The Rise of Io by Wesley Chu is a summer blockbuster of a book. It’s fun, action-packed, tells a good story, and makes me eager for a sequel. And for those who haven’t read Chu’s Tao books, don’t worry. The Rise of Io is a great entry point.

Rise of Io Wesley Chu

The Story

The Rise of Io is the story of Ella Patel, a thief and a con artist living in an Indian slum, Crate Town, that has been devastated by the war between two alien factions and their human allies. She’s small, quick, and ambitious. If you like a sarcastic rogue whose dreams exceed her grasp, Ella’s your gal. When she gets involved in a fight that isn’t hers, she ends up being inhabited by (and sharing her mind with) Io–one of those aliens I just mentioned. And it’s not a great fit. Despite that, Ella now has to join the fight. Io’s mission becomes Ella’s mission. You see, Crate Town just so happens to be prime real estate for the rival faction’s new secret facility. And that rival faction just brought in its best assassin, Shura the Scalpel, to make sure no one interferes.

The Review

I said earlier that this is a good place to start if you are new to Wesley Chu. The Rise of Io takes place about a dozen years after the Tao books. And everything you need to know is established in this book. For those who have read the Tao trilogy, The Rise of Io offers plenty of easter eggs and a nice contrast (Ella and Io don’t make for a good fit, and Io hasn’t exactly helped her humans blaze a trail of glory). Wesley Chu balances new readers’ needs against keeping his old readers entertained, so old and new alike should enjoy this book.
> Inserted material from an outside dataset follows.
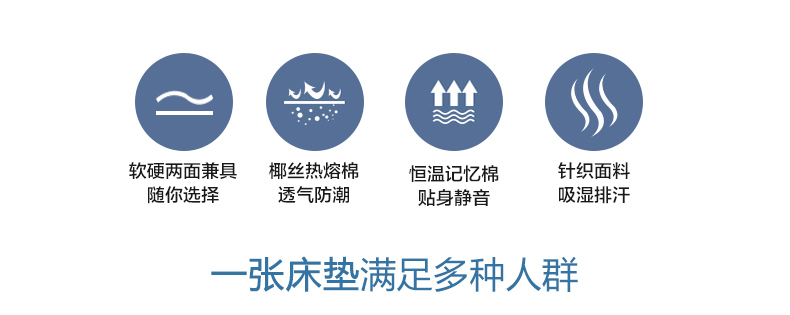 全友家居席梦思床垫1.5m床床垫 双面软硬两用1.8米弹簧床垫105087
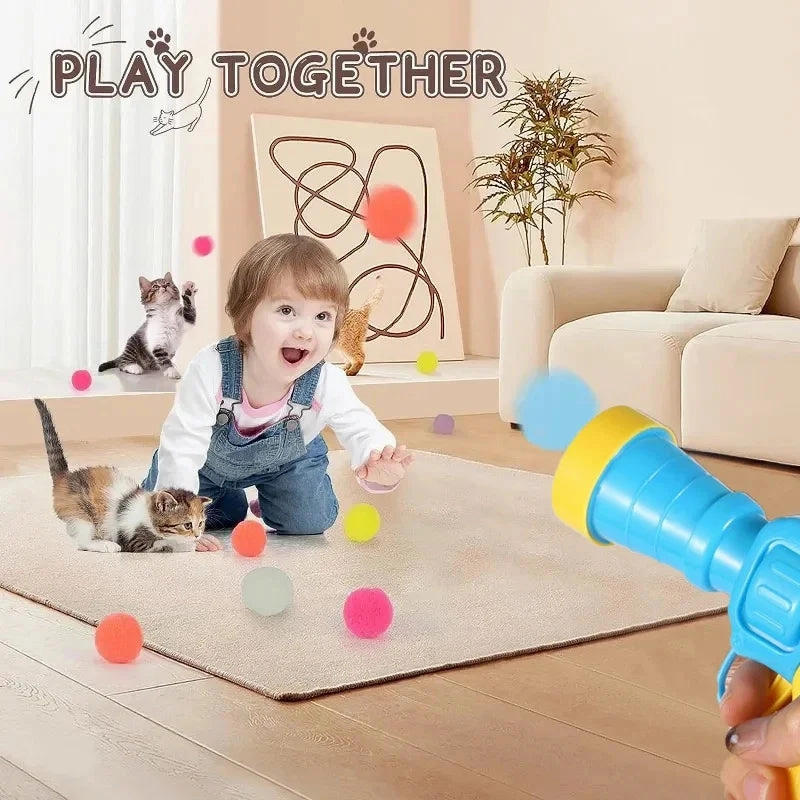 Interactive Cat Toy Gun with Plush Ball Launcher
What I most loved about The Rise of Io are the characters. Ella is smart, capable, and funny. The war has left its scars on her, but she still pushes forward, finding a way to make a life in this new world. I liked that as a con artist, she doesn’t always resort to fighting. Instead, she bluffs, bargains, and lies. Or at least tries to. I also enjoyed her struggles with Io, and how they come to an agreement, if not quite a friendship. Wesley Chu has also created a great antagonist, Shura. Incredibly competent and ruthless, she is nevertheless sympathetic. I wouldn’t go so far as to say I’m rooting for her, but I understood why she does what she does. She’s a good baddie, not a shallow boogeyman.

I also enjoyed Chu’s world building. The history of the aliens’ involvement on Earth, the recent war, the alleys of Crate Town are all portrayed with a great deal of detail and creativity. It’s exactly what I’m looking for in a novel like this. The rules are spelled out, and things feel real.

Bottom Line

This is a fun, fast-paced, adventure slash science fiction. At a time when I’m being bombarded by sad news stories or political posts on social media, this is exactly the break I needed. Every time I read a bit, I finished with a smile on my face. So go grab your popcorn, and get reading. And while you’re at it, if this is your first time reading Wesley Chu, go get the Tao books too. You’ll want to read them when you’re done with this one anyway.